Friday, August 2, 2013

Random thoughts on buying/charging batteries.  

Both sealed and wet lead acid are self balancing as long as you drop the current down to below ~C/5 once you hit a predefined voltage (for example, 14V on a 12V car battery).  Lead acid self balances by converting the excess charge passing through the cell into heat - without further increasing - which is why you simply need to lower the current... otherwise, the heat will damage the cell.  The voltage will not rise above final charge unless the current is too high.

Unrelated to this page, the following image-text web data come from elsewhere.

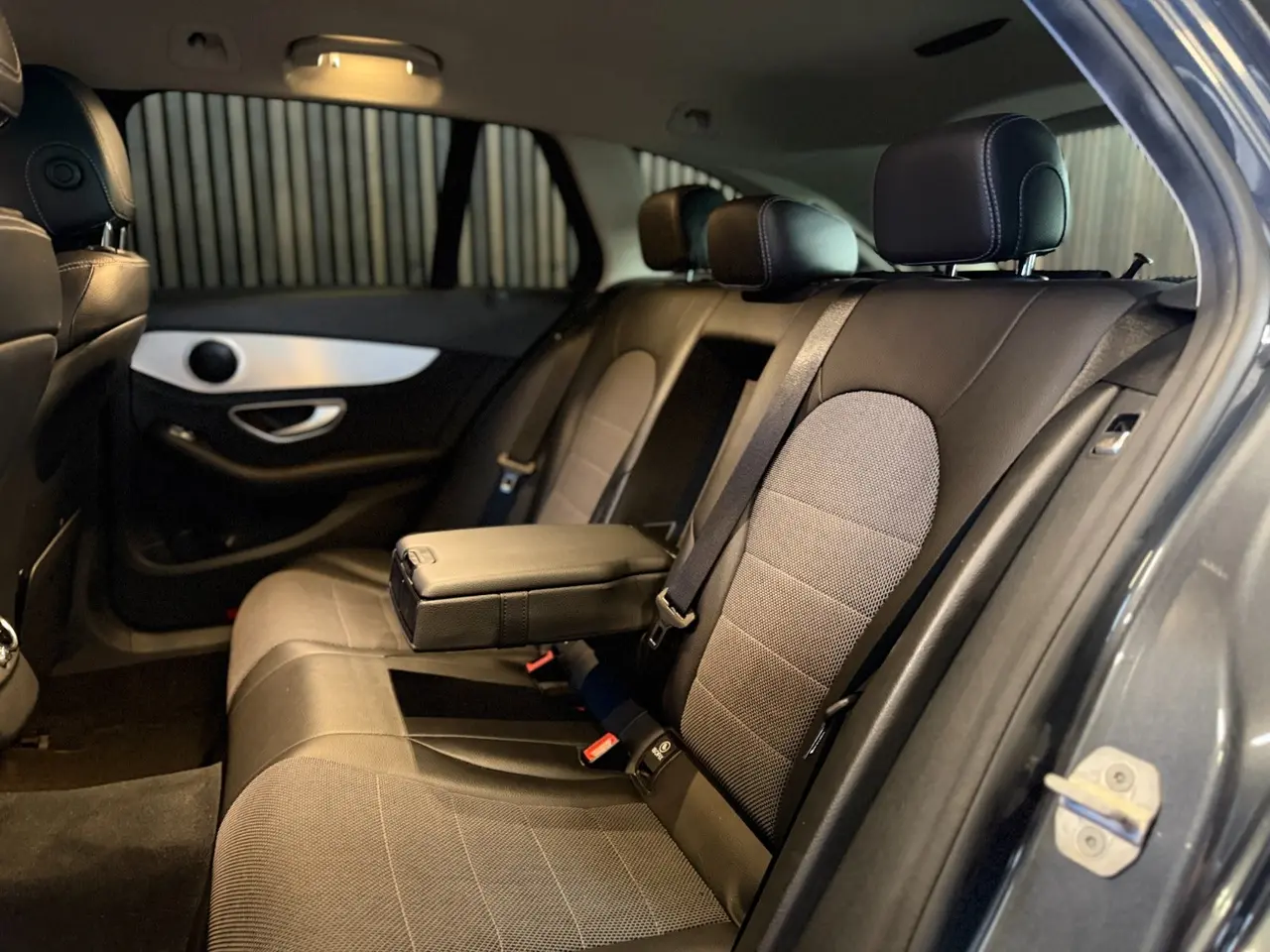 Billede 10 - Mercedes C220 2,2 BlueTEC Avantgarde stc.
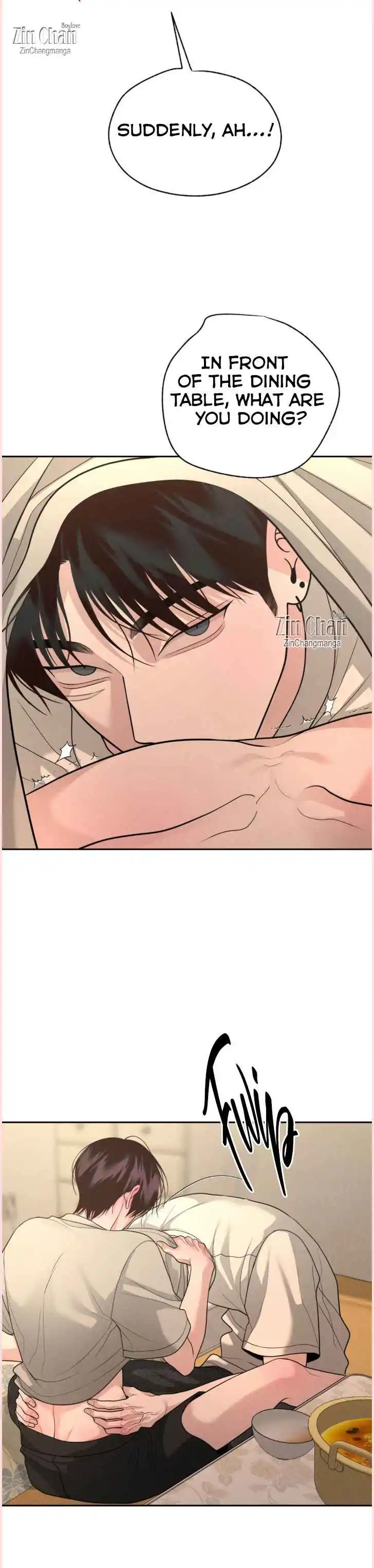 Monday's Savior - Chapter 76 Page 8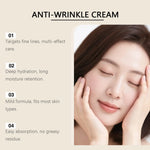 (BUY 1 GET 2) Anti-wrinkle cream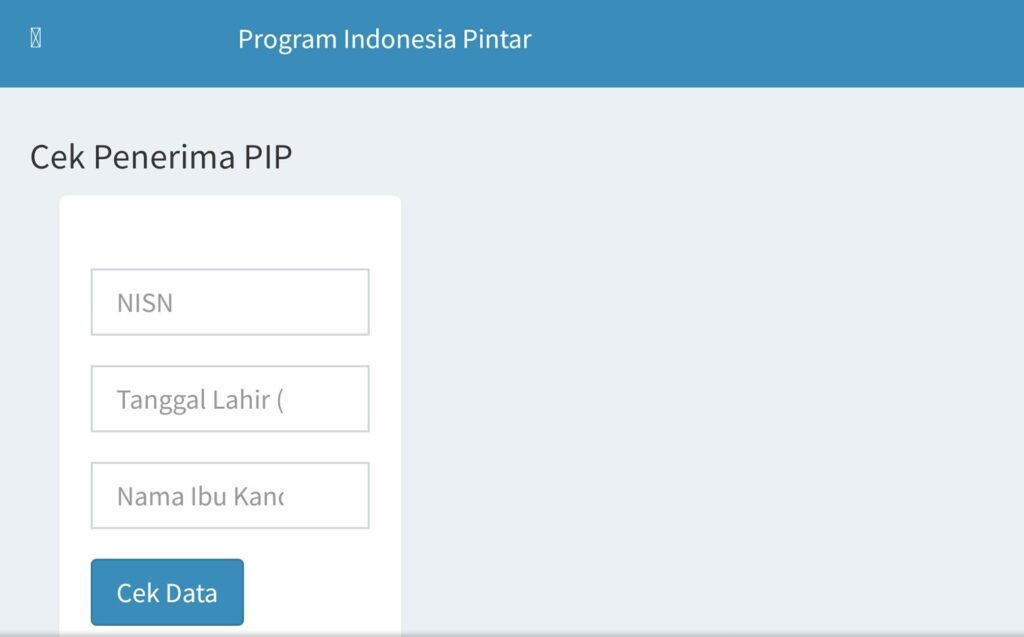 Pip.kemendikbud.go.id 2024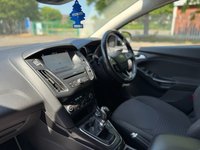 USED 2017 17 FORD FOCUS 1.5 TDCi Titanium Estate 5dr Diesel Manual Euro 6 (s/s) (120 ps) 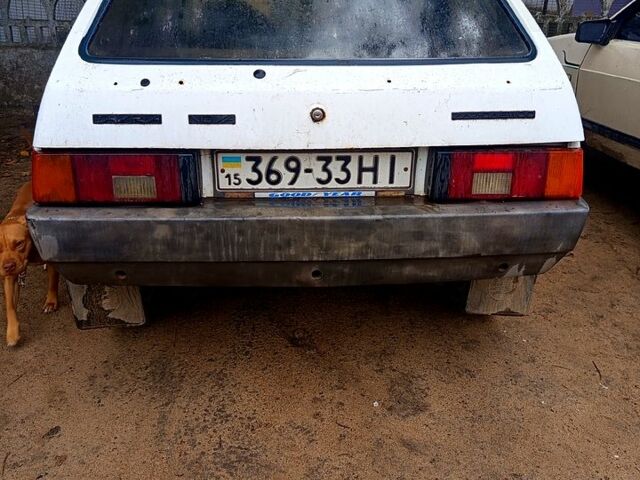 Білий ЗАЗ Таврія, об'ємом двигуна 1.2 л та пробігом 310 тис. км за 400 $, фото 3 на Automoto.ua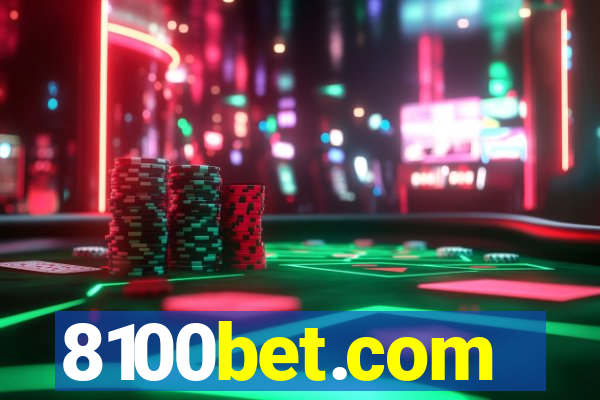 8100bet.com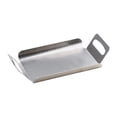 thumbnail image 1 of Bandeja para servir, bandeja para guardar joyas, rectangular, de lujo, para té, agua, mesa de café, bandeja para fiestas, sala de estar, baño, tocador 36 x 24 cm, 1 of 8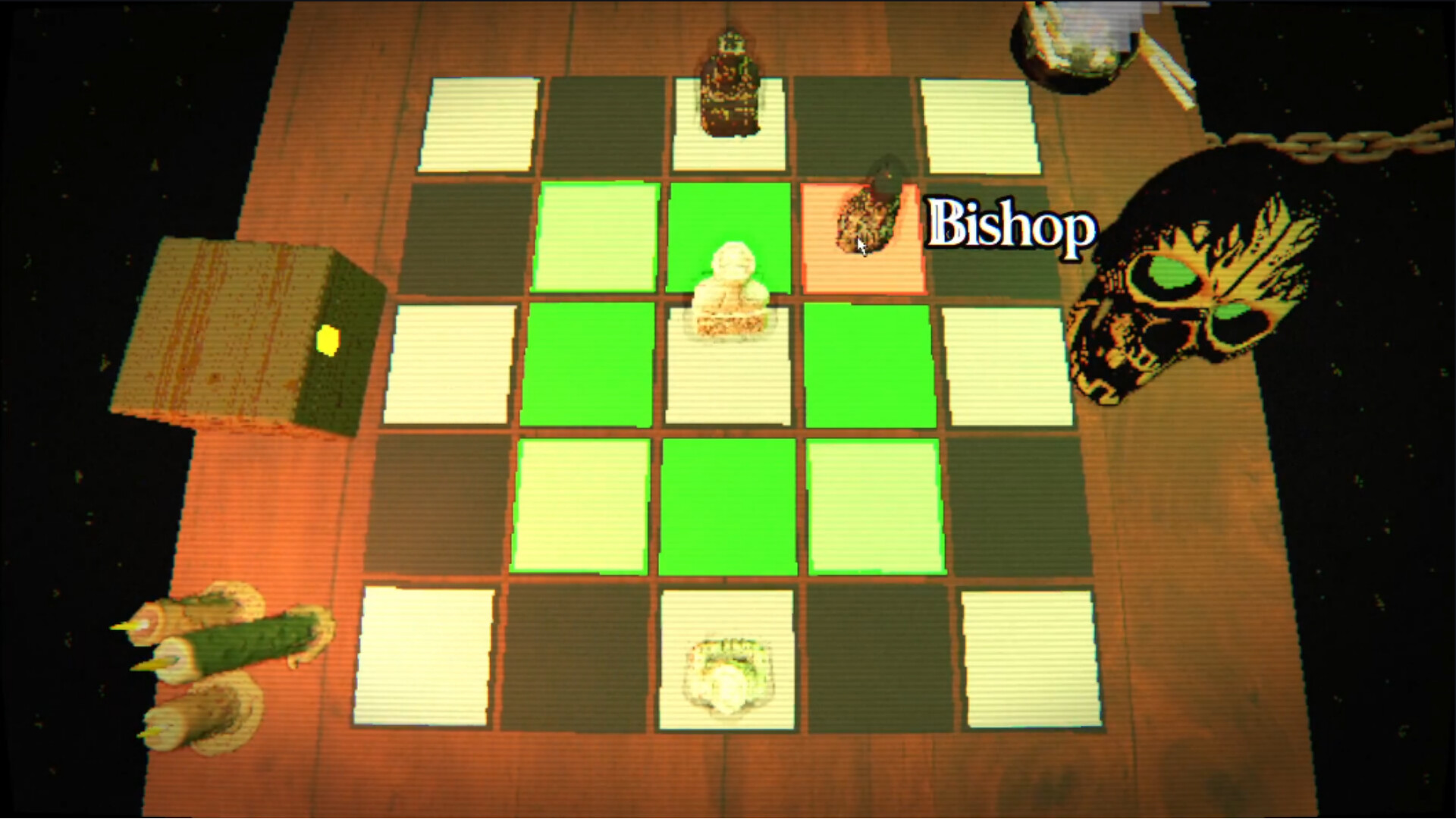 INTERRED screenshot #6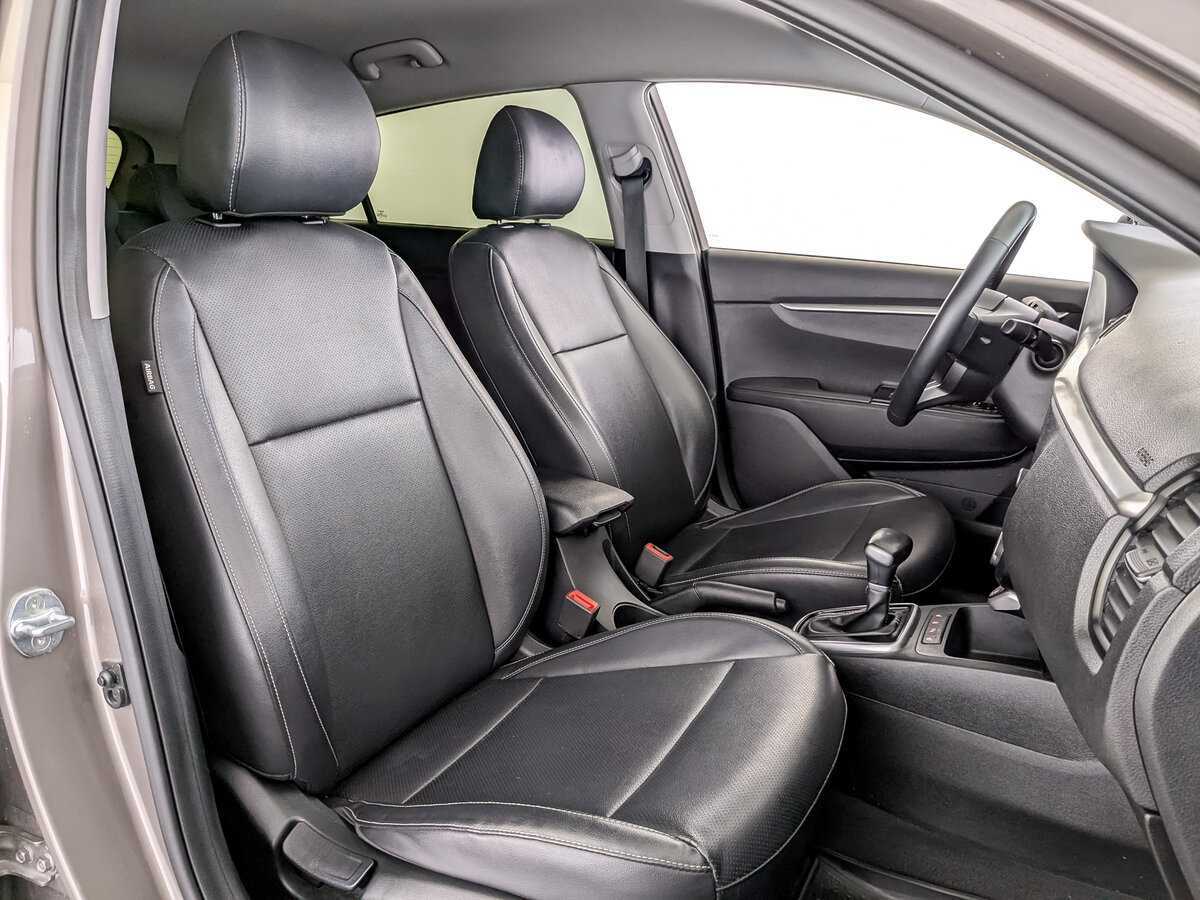 Kia Rio с пробегом — 2022 год. Фото: #22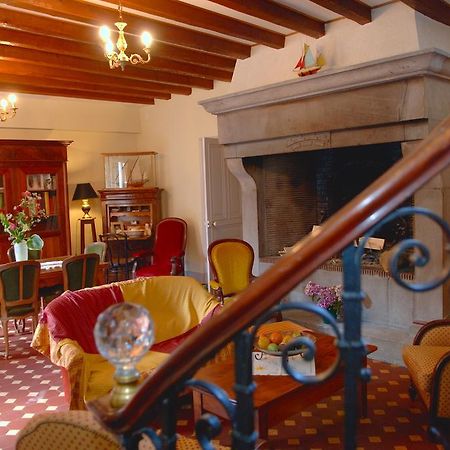 La Maison De Mariecamille Hotel Saint-Germain-Lembron Luaran gambar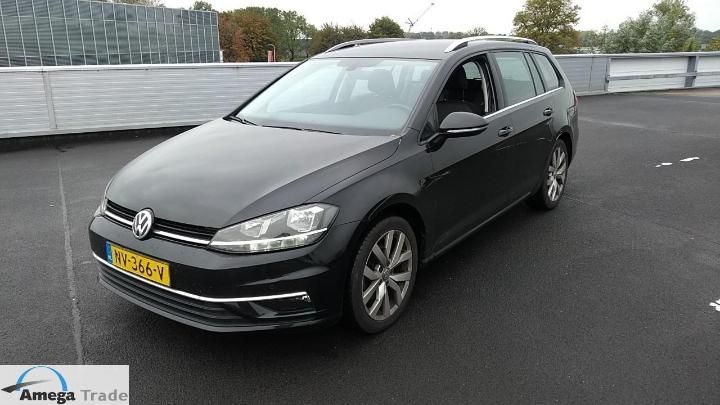 VOLKSWAGEN GOLF 2017 wvwzzzauzhp783252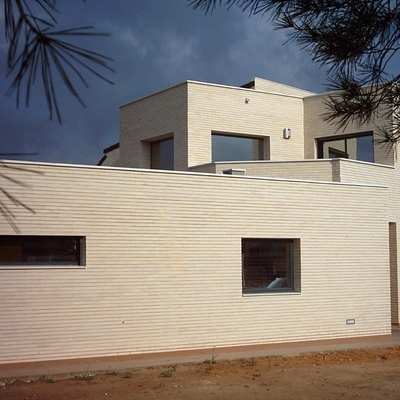 Vivienda unifamiliar aislada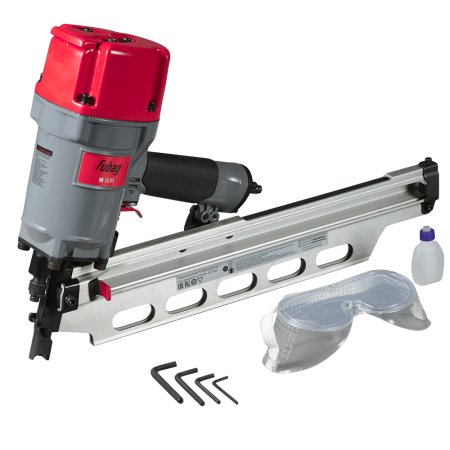 FUBAG Пистолет гвоздезабивной N90R  FUBAG (Фубаг) FUBAG Пистолет гвоздезабивной N90R  в Владивостоке фото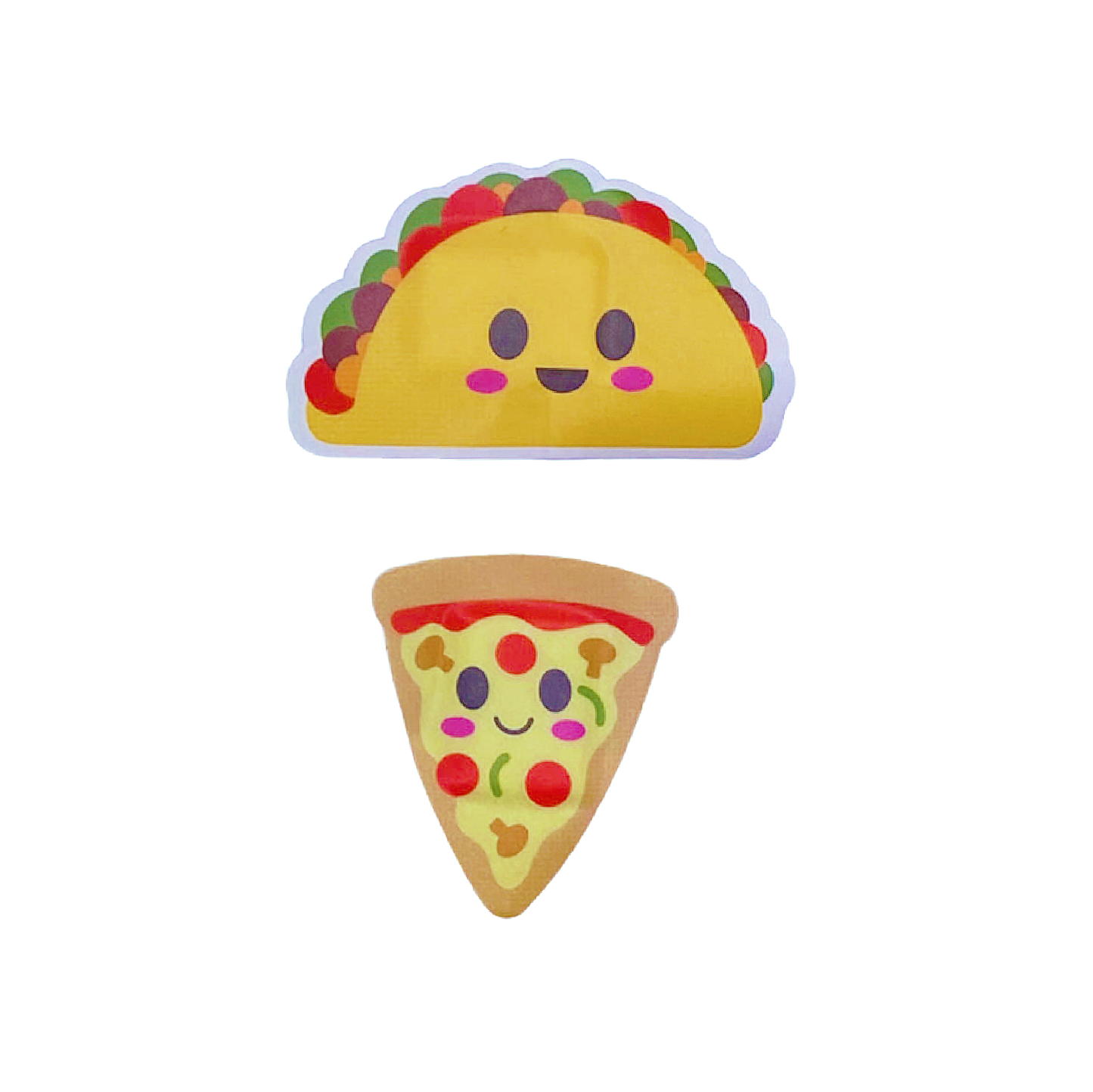 PIZZA & TACO Bandages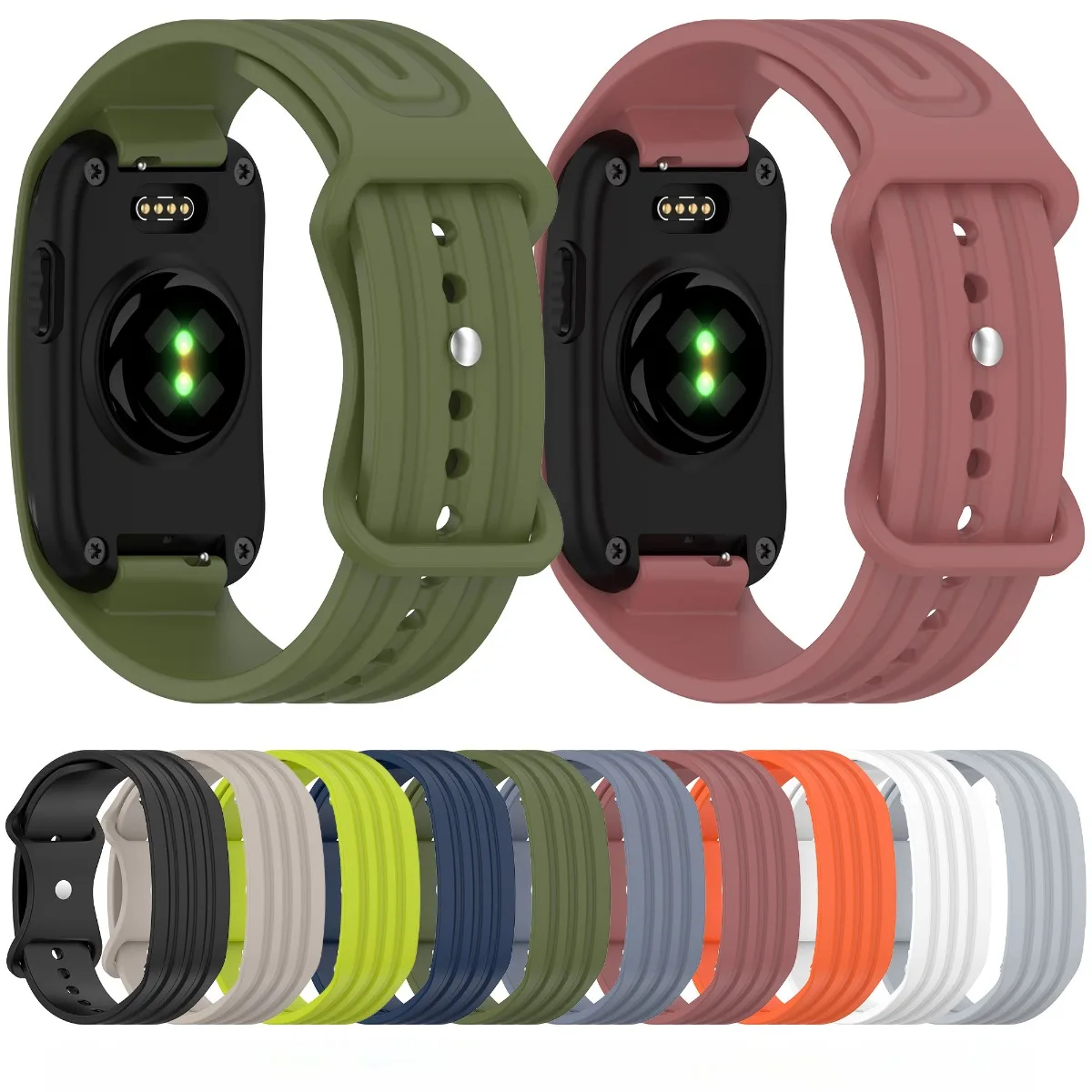 Thumbnail 2 - #85 Best Replacement Smart Watch Straps to Buy In 2026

Commercial batteries are cheaper than individual cells due to volume.  If you buy less than several thousand individual cells, there's a huge transactional cost; batteries are a commodity item.  Buy someone else's battery pack and use the cells inside.  DeWalt used to be the de-facto source for A123 cells, but they've migrated over to Panasonic cells, which are also good, but can't carry as much current. 

Lithium cells don't regulate voltage by converting excess charge into heat.  Lithium's energy storage mechanism  doesn't roll off the voltage before the cell is damaged.  Thus, as the cell reaches full, the voltage will begin to rapidly rise (within 30 seconds or so).  Exceeding some nominal voltage (3.65V for LiFePO4) rapidly degrades the cell.  For LiPo, after a minute or so, the cell can ignite... the voltage rises rapidly enough on a charged cell that the constant current ends up dumping considerable power into the charged cell, which heats it real quick. 

There are several off the shelf charging solutions for cell packs less than 6/8S.  Check out the RC helicopter scene for recommendations.  Most of these charges are very inefficient, as they simply place a transistor across the battery leads and partially enable it through a resistor as the cell gets full.  Thus, as soon as the first cell gets full, you've got to drop the charge current to whatever your transistor can handle... since you're just moving the heat source from inside the battery to outside the battery... at the end of the day, you've got current moving across a voltage (the cell's), which equals power (heat) that you've got to get rid of.   

There are more elegant methods to using this excess charge rather than turn it into heat, one of which I'm working on a TBA design for, and the other of which requires isolated charge pumping of charge from one cell to another via a transformer or capacitor... see the LTC3300 for a nice new design from Linear Tech.